Video Production Module for Altera DE2 Board

James Du (jsd46)
Peter Greczner (pag42)

Hardware Design

We used a Sony Handicam to capture and send video to SDRAM and an RS-232 serial port to send images to SRAM. The stored images are combined accordingly and sent to a VGA display.

Figure 3: Signal Flow

Figure 3 shows how signals propagate from the camera and RS-232 serial port to the VGA display. Each line carries the value of a pixel and the modules know the current horizontal and vertical position of that pixel. Mux-A is used for the green screen effect. If the pixel from the SDRAM video feed is considered green, mux-A outputs the pixel from the SRAM image instead of the SDRAM video feed. Mux-B is used for the reverse green screen effect. If the pixel from the SRAM image is green, mux-B outputs the pixel from the SDRAM video feed instead of the SRAM image. Mux-C is used to choose whether to output the green screen or reverse green screen. Mux-D is used for writing text to the screen. If the current pixel's position is within the bitmap of a letter that's supposed to be written to the screen, mux-D outputs the color of text displayed on the screen instead of the output from the green screen/reverse green screen effects. Finally, mux-E is used to fade in the effect. If the effects are supposed to be faded in, mux-E outputs the combination of all the other effects. If the effects are not supposed to be faded in, mux-E outputs the SDRAM video feed with no effects added in.

Video Camera

The video camera interfacing was handled by the DE2_TV provided by Terasic Technologies in a CD that came with the DE2 board. The video camera RCA video output is connected to the DE2 board. The signal is in ITU656 format. The signal gets converted to YUV 4:2:2 format, down-sampled from 720 to 420 horizontal pixels, and then stored in SDRAM. When the image is read out from SDRAM, the pixels get converted from YUV 4:2:2 to YUV 4:4:4, and then to RGB format. In the DE2_TV module, the RGB signal is sent to the VGA output. We intercept this signal and add effects before feeding it to the VGA output.

Serial Image Transfer

There were two possible ways for us to implement the RS-232 communication. We could choose to instantiate a NIOS II microprocessor and have it include a UART module or we could create our own hardware receiver and transmitter UART modules from scratch. While it would have been easier to go the NIOS II route the problem was that the NIOS II microprocessor needs the SDRAM as its memory, and we were currently using that memory for holding the video image data. In order to avoid any conflicts we decided it would be best to develop our own hardware receiver and transmitter.

RS-232 Protocol Description

In order to develop these modules one has to understand how RS-232 protocol works. There are a lot of different options that one can choose, but we decided on the following, fairly standard, options for communication – 8 data bits, 1 stop bit, 1 start bit, no flow control, no parity bit. The baudrate that we used changed throughout development, but initially we started with a fairly slow and safe baudrate of 9600 baud. The end product runs at a baudrate of 115200 baud.

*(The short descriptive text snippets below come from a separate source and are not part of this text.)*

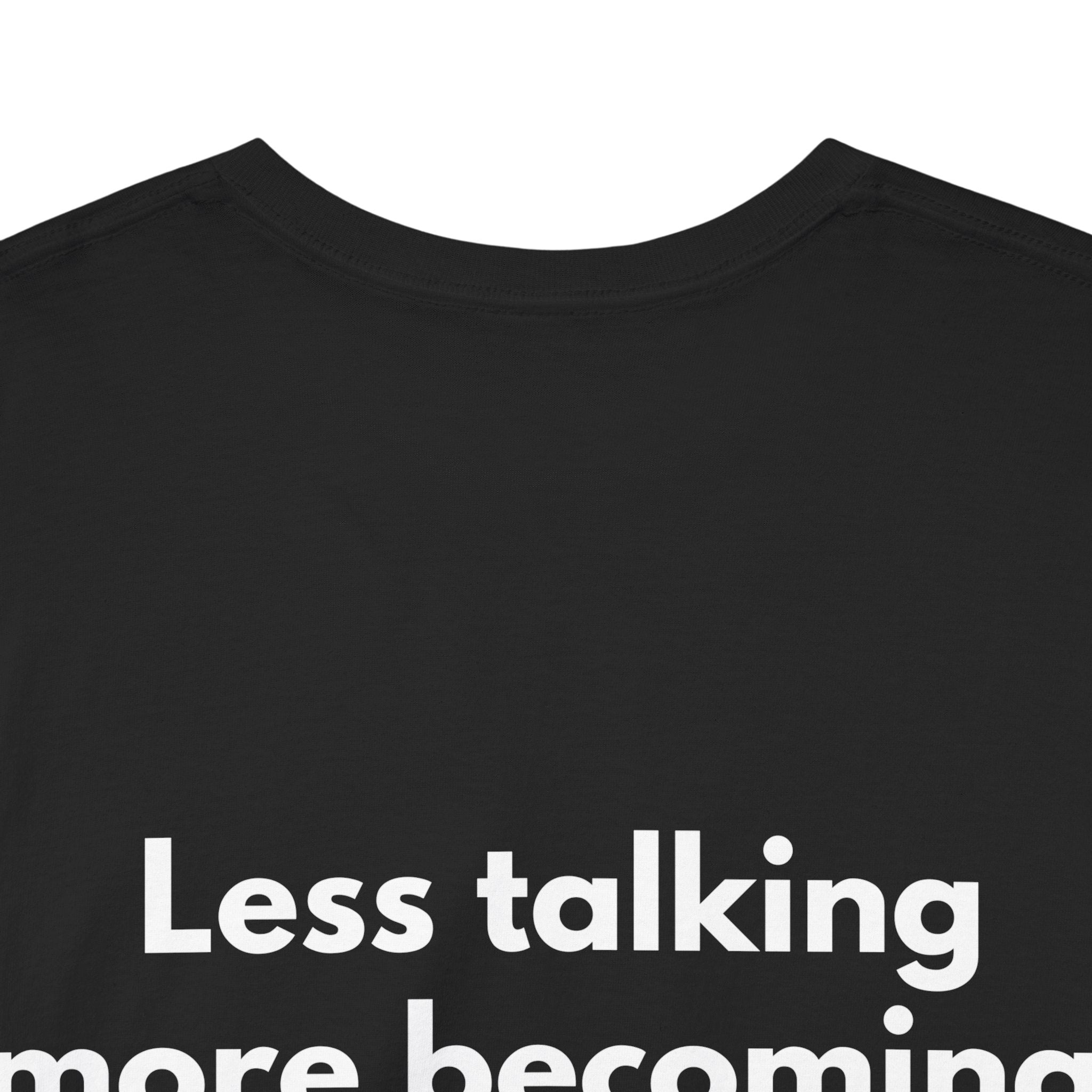 Less talking more becoming Black Tee — Bold Minimal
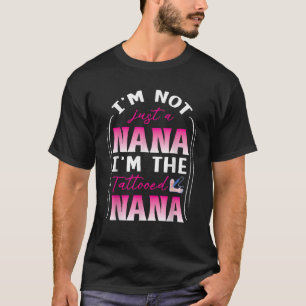 Camiseta Não sou apenas uma avó sou a vovó da Nana tatuada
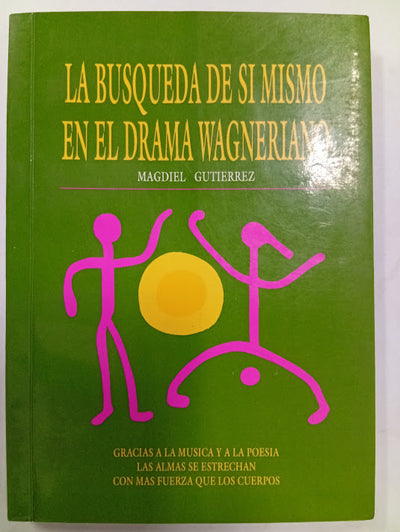 La búsqueda de sí mismo en el drama wagneriano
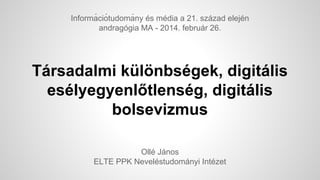 Informá ció tudomá ny és média a 21. század elején
andragógia MA - 2014. február 26.

Társadalmi különbségek, digitális
esélyegyenlőtlenség, digitális
bolsevizmus
Ollé János
ELTE PPK Neveléstudományi Intézet

 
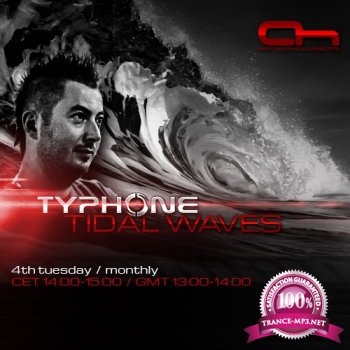 TyPhone - Tidal Waves 014 (2014-01-28)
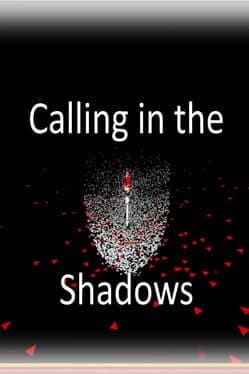 Calling in the Shadows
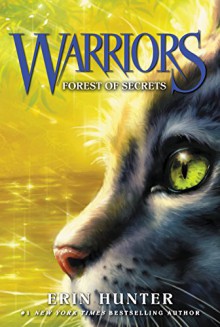 Warriors #3: Forest of Secrets (Warriors: The Prophecies Begin) - Erin Hunter, Dave Stevenson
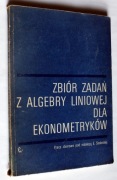 Zbiór zadań z algebry liniowej dla ekonometryków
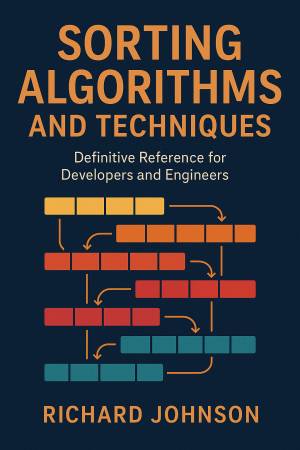کتاب Sorting Algorithms and Techniques. Definitive Reference for Developers and Engineers
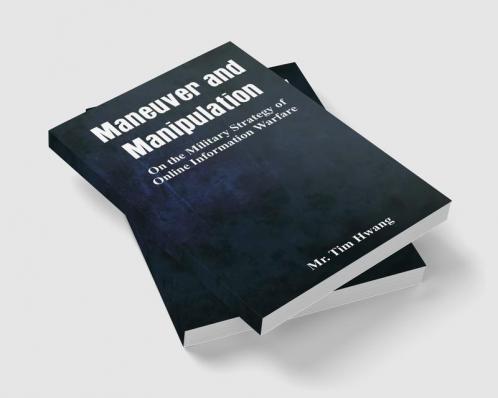 Maneuver and Manipulation: On the Military Strategy of Online Information Warfare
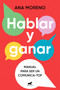 Hablar y ganar. Manual para ser un comunica-top / You Speak, You Win (Spanish Edition) by Ana Moreno, 9788419820501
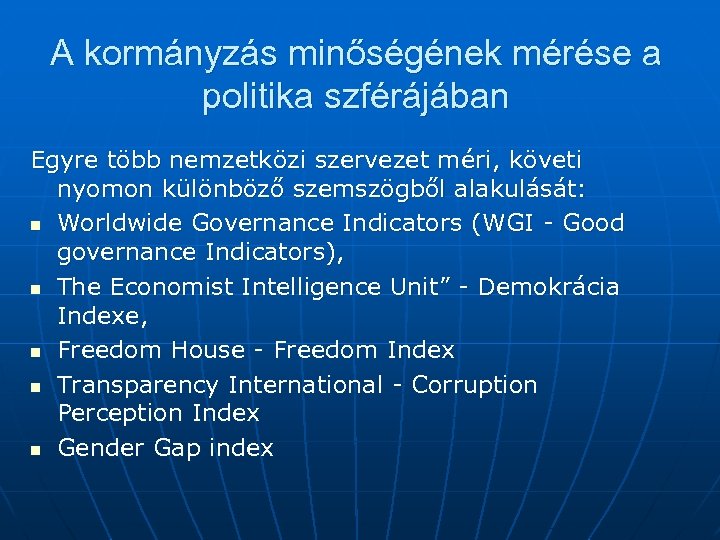 A kormányzás minőségének mérése a politika szférájában Egyre több nemzetközi szervezet méri, követi nyomon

To receive a byte of data you have to first listen for the start bit. The start bit is a logical zero on the UART receiver and you recognize it as the start bit because when the UART receiver is idle it has a logical one outputted. Once the start bit is received the following eight clock ticks will posses the data portion with the least significant bit being passed in first. After all 8 data bits are received you listen for a stop bit which will be a logical one. If a logical one is not received then you know that an error has occurred and you have probably lost sync or connection with what you are receiving from. The image below illustrates the protocol.
Figure 4: RS-232 protocol

There is one intricacy in designing a receiver that isn’t initially noticeable by simply following the protocol. We initially ran into problems that we were getting more bit errors that we typically should have gotten. This was thought to be a problem that we could not generate a baud rate exactly equal to 9600 baud. Since our baud rate was slightly off this meant that every now and then the receiving clock would lose sync with the transmitting clock (which is why error detection was implemented to correct this) however we were receiving possibly too many errors. After reading a bunch of literature on RS-232 error detection we found out that most modules sample the idle line at 16 * BaudRate. An example we found showed how to do it at 8 * BaudRate and suggested that this should be fairly sufficient and we implemented the examples suggestion. This greatly reduced the amount of bit errors received. The reason for this is that when you sample at 8 times the baudrate you ensure that you do not miss a potential start bit due to clock error. Then once your 8 times fast baud clock finds the start bit it resets the normal baud clock. Then you are almost guaranteed no error in the normal baud clock since it is always starting in sync with the transmitted data.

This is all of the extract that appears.